The Advocate/BY Latino LGBTQ community activists in Philadelphia
.August 26 2015 4:00 AM ET

"Over the past several weeks, since the release of the trailer for the upcoming movie Stonewall, there have been several op-eds written by distinguished, mainstream, older, LGBTQ white activists, shaming or dismissing those of us who intend to boycott the film. Here is a link to Larry Kramer's thoughts on the idea of boycotting Stonewall."
Title: Re: Let’s Remember What Stonewall Actually Was
Post by: stephaniec on August 27, 2015, 02:10:08 AM
When Racism and Transphobia Equal Death, Why Are White Gay Cisgender HIV Activists Silencing Debate on the New Stonewall Film?

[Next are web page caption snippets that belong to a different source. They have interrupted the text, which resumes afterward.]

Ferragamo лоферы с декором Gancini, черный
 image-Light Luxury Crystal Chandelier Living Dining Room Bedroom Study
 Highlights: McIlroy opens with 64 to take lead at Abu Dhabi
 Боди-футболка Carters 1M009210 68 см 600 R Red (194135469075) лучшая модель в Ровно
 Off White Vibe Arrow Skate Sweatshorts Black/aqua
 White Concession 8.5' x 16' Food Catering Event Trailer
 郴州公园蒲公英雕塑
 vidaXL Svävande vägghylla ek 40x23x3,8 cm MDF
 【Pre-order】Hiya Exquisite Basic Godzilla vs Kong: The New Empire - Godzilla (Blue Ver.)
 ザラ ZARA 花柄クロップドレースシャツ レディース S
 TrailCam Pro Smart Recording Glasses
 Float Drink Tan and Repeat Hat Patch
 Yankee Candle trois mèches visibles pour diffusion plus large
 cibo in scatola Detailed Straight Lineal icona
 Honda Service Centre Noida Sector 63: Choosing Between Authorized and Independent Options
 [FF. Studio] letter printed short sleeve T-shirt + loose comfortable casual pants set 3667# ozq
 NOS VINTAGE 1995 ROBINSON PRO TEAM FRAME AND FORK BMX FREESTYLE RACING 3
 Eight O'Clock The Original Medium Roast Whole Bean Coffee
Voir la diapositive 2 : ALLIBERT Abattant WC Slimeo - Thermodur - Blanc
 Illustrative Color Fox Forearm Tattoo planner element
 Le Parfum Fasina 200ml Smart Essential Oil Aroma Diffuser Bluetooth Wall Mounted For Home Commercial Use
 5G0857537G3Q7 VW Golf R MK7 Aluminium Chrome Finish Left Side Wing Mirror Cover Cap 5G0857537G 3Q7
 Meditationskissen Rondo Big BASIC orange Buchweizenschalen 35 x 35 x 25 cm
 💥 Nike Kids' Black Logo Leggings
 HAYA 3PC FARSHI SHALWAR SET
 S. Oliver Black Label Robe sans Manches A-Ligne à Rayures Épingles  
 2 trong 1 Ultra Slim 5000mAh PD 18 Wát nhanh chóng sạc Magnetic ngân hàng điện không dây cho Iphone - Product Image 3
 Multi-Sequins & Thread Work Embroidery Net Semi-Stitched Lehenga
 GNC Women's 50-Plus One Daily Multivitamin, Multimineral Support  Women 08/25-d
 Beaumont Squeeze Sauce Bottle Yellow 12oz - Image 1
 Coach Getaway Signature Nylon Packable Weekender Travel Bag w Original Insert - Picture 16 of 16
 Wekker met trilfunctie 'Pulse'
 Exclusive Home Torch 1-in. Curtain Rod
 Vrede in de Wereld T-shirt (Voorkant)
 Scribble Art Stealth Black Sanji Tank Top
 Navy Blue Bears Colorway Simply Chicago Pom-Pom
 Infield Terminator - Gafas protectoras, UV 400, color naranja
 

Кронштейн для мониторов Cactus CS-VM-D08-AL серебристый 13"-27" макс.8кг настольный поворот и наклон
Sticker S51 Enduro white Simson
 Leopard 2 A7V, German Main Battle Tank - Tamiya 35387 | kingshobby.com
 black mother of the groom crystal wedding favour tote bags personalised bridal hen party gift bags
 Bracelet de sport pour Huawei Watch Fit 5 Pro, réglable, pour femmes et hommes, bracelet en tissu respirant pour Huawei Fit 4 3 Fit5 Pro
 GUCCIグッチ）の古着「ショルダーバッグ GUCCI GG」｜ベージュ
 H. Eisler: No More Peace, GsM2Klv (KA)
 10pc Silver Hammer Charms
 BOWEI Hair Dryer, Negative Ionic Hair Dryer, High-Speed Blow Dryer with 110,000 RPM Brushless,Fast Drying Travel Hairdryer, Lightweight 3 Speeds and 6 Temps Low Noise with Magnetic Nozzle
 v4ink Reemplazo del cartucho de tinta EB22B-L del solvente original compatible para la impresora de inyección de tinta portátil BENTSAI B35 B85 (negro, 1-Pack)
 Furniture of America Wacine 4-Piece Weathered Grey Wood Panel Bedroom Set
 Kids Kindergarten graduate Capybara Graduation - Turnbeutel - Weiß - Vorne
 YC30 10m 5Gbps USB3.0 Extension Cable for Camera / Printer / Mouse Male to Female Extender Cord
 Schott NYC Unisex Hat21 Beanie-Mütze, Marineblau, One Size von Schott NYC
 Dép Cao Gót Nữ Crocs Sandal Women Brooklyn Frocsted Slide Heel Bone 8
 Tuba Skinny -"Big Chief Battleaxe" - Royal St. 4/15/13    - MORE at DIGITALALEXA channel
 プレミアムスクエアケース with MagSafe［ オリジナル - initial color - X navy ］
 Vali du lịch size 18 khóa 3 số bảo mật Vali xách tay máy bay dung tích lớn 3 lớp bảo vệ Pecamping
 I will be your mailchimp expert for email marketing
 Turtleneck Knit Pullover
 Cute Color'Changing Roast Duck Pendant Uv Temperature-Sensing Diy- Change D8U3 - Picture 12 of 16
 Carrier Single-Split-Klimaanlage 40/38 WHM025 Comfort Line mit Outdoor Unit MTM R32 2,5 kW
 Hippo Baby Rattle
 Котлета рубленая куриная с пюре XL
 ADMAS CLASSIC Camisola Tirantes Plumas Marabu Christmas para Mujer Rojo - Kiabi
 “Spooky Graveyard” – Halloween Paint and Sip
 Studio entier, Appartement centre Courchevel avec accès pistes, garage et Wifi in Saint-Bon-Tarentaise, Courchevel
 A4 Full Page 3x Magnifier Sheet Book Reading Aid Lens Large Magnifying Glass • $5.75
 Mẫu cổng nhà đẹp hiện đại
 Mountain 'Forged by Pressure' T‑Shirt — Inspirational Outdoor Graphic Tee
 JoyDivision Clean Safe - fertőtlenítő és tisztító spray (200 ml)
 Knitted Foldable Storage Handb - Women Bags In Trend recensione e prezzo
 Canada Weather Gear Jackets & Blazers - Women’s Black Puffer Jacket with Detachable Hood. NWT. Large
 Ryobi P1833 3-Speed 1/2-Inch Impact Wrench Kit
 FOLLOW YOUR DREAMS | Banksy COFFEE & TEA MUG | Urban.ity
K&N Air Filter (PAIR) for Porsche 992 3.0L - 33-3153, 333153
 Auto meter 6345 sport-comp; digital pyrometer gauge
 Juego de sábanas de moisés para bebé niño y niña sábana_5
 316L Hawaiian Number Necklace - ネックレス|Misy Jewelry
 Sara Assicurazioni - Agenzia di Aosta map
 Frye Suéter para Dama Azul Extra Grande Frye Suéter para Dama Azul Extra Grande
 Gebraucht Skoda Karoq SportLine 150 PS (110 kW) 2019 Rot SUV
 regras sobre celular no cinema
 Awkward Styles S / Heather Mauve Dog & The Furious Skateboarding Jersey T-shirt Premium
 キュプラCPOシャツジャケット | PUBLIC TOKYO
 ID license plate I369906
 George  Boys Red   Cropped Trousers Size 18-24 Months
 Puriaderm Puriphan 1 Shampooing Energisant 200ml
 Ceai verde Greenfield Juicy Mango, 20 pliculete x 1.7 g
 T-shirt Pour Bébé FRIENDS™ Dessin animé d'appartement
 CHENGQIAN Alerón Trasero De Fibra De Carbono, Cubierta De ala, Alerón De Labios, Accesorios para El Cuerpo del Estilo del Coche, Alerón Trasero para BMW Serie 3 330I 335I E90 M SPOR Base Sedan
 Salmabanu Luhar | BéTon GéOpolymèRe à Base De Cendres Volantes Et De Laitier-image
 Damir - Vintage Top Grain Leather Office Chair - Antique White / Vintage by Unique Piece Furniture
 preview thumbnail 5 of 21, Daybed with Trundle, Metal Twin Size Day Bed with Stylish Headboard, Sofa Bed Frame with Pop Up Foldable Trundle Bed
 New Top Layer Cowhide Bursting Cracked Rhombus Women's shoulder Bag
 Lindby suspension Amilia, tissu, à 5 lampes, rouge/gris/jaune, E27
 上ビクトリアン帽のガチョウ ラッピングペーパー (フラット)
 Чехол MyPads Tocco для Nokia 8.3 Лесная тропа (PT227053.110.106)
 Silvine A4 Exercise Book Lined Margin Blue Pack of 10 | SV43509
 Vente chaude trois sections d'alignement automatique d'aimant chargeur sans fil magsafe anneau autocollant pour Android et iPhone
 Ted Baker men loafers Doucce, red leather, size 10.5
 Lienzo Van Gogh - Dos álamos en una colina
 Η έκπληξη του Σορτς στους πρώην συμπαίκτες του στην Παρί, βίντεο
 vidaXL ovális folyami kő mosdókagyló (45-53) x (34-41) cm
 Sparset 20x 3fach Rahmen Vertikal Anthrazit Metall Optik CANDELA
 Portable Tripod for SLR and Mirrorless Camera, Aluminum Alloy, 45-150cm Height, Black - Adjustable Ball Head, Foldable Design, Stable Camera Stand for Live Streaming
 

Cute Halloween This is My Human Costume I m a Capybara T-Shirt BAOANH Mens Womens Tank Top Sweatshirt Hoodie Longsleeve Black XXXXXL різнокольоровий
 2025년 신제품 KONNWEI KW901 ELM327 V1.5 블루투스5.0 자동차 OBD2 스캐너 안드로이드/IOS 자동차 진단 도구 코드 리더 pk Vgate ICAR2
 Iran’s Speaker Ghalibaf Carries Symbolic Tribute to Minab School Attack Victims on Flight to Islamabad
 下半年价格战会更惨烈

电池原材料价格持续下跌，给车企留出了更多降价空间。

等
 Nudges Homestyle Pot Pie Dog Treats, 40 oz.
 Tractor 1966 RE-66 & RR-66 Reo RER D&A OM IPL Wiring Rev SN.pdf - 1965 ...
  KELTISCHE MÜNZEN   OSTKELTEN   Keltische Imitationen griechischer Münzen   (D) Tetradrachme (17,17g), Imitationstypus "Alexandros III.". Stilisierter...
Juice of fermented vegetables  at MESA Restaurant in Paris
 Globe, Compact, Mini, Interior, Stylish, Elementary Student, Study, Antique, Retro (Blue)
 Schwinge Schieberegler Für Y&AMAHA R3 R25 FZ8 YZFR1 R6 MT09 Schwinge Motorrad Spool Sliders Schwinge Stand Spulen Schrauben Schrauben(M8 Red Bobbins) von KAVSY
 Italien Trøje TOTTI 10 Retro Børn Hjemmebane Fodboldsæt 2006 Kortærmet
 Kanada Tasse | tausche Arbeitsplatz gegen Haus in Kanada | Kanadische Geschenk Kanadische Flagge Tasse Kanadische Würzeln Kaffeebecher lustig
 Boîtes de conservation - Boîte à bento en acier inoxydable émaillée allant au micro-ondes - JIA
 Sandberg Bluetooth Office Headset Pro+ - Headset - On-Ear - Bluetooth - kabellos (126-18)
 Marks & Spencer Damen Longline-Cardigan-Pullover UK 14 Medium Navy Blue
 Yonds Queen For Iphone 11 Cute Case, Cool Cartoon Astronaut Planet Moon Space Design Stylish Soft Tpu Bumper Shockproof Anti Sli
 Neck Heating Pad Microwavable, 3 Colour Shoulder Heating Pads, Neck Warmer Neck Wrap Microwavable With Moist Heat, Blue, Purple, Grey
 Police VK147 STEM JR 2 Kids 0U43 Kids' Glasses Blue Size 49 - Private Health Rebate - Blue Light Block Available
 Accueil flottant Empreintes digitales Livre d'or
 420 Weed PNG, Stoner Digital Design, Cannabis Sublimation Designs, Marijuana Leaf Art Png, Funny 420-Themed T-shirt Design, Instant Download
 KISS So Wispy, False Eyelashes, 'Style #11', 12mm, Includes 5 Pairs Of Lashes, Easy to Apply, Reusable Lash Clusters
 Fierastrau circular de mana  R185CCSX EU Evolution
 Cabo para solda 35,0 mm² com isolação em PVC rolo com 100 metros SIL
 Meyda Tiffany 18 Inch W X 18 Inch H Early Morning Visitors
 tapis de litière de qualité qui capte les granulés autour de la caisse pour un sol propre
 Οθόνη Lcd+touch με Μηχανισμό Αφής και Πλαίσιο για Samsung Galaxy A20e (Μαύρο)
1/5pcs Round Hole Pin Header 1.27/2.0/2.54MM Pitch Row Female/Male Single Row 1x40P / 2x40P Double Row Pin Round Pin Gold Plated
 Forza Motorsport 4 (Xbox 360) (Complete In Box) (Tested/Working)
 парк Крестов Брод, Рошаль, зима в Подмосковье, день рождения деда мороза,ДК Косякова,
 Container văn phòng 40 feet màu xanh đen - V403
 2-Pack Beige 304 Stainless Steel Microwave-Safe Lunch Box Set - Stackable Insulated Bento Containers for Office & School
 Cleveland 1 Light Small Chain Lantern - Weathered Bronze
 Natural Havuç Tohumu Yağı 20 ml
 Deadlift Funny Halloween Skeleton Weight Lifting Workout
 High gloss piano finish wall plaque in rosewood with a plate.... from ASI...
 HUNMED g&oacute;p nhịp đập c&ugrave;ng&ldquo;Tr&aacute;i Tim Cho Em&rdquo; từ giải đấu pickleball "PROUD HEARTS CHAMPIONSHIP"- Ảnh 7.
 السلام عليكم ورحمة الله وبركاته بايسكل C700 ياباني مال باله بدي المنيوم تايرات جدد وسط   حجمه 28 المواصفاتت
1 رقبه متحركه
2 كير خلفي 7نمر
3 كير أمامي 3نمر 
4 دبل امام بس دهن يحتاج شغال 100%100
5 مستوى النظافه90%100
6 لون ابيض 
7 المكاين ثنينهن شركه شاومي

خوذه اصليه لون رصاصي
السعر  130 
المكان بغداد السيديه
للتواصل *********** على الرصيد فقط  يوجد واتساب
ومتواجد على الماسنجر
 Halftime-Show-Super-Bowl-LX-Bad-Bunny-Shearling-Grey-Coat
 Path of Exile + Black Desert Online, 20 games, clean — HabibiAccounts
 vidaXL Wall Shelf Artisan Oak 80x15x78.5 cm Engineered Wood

http://www.thebody.com/content/76323/when-racism-and-transphobia-equal-death-why-are-wh.html

The Body/By Jeremiah Johnso From TheBody.com  August 24, 2015

"For many, the throwing of the first brick in the Stonewall riots symbolically ignited an entire movement for LGBT justice. But if the release of the Stonewall brick launched a major movement for equality, the release of the first trailer for Roland Emmerich's new film Stonewall has launched a barrage of tweets about inequality. The trailer's lack of racial and gender diversity, and its depiction of a fictional white gay cisgender man as the central hero of the story have made many understandably concerned that transgender people and people of color have been left out of a very important, popularly accessible version of LGBT history -- despite their central role in that history."
Title: Re: Let’s Remember What Stonewall Actually Was
Post by: Joelene9 on August 27, 2015, 03:27:08 AM
  As said in other articles and post from elsewhere on the 'whitewashing' of Stonewall, this has to be the worst docudrama I seen in years. Some gays did dress in drag and has to pass as a female and speak very little to pass as a viable couple. This was called "camping out". This history did bring out some of the discord between certain gays and transgender communities had afterwards. A lot of those fellows did not want to dress in drag. It is a memory that's affects us to certain gays to this day. A lot missing, A lot. Esquire Magazine, the one that rebuffed Reneé Richards swatting two tennis balls with that front cover? They had a good article in around 1979 about the gays living in Fire Island, NY and about the Stonewall riots the decade before.